More than US$400 million of hacked ETH has been successfully recovered 16 months after a well-publicised hack of the Wormhole Portal, a blockchain ‘bridge’ providing a cross-chain messaging protocol by which cryptocurrency tokens can be locked on one chain and wrapped versions of them can be issued on another blockchain. Within 24 hours of that hack, Tai Mo Shan Limited (‘TMSL’), which had an interest in ensuring the viability and security of Wormhole, had stepped in and deposited the missing ETH into the Wormhole Portal to ensure that innocent users of Wormhole would not lose out.

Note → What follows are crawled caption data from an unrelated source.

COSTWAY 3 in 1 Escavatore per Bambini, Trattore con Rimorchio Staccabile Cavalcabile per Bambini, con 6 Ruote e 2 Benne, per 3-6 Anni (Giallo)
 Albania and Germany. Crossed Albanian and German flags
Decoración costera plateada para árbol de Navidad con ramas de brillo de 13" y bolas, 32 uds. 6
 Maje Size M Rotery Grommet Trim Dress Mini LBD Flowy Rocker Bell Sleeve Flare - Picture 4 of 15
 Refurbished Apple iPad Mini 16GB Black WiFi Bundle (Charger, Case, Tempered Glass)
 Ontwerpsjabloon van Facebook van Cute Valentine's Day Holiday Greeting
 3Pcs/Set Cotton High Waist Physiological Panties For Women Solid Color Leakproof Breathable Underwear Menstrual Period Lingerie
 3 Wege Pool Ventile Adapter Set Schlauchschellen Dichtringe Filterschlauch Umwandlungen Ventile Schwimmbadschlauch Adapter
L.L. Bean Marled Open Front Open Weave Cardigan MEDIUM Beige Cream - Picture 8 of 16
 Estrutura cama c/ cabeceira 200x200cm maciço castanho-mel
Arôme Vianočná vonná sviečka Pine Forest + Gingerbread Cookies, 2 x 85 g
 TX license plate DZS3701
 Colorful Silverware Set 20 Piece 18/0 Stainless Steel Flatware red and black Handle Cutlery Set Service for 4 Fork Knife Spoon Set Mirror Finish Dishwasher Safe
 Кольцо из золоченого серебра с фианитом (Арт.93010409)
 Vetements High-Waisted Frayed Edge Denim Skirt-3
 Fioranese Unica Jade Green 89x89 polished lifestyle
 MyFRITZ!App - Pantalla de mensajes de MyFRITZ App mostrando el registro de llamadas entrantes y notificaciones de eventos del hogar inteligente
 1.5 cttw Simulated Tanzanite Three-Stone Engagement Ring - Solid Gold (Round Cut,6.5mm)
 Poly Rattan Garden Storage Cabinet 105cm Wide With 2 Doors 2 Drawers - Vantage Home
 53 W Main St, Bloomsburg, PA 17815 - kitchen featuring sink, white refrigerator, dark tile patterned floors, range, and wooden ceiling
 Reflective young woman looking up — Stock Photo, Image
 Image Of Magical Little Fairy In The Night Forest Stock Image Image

A year later, without moving the hacked crypto from the hacker’s blockchain wallet, the hacker used that crypto as security to borrow other crypto, via a decentralised finance application, Oasis, designed by Oazo Apps Limited (‘Oazo’), an English company. Acting with extreme urgency, Nik Yeo and Aaron Taylor (with Jacob Turner at the return date of the injunction) working with the English and New York offices of Kobre & Kim (Kiran Uni, Andrew Stafford KC, Jake Calvert, Nicholas Surmacz and Steven Perlstein), devised and implemented a process for recovery of that hacked crypto, through a unique combination of Orders and Judgments of the English and New York Courts.
Most notably, TMSL obtained an unusual urgent interim proprietary injunction from the English Court against Oazo, as a non-cause of action defendant in support of contemplated proceedings in New York, requiring Oazo to take steps to modify its application to gain access to, and then seize the hacked crypto assets directly from, the hacker’s blockchain wallet, even though the private key was still held by the hacker. The seized assets were transferred to a blockchain wallet controlled by the claimant’s English solicitors, to be held pending the outcome of the New York proceedings.
Those New York proceedings were then commenced against the hacker for, among other things, a declaration that the seized assets belonged to TMSL on the basis of (among other grounds) the New York legal theory of equitable subrogation. Default judgment was obtained in New York against John Does (persons unknown), and that judgment was then recognised and enforced in separate (what is believed to be first-of-their-kind) English proceedings as a judgment in rem. Finally the seized assets were transferred to TMSL.
The English judgments against the hacker are at [2024] EWHC 1514 (Comm) and [2024] EWHC 2532 (Comm), the English interim injunction orders are at items 5 and 6 in the New York Court records here, and the New York Judgment is at item 70 of that link.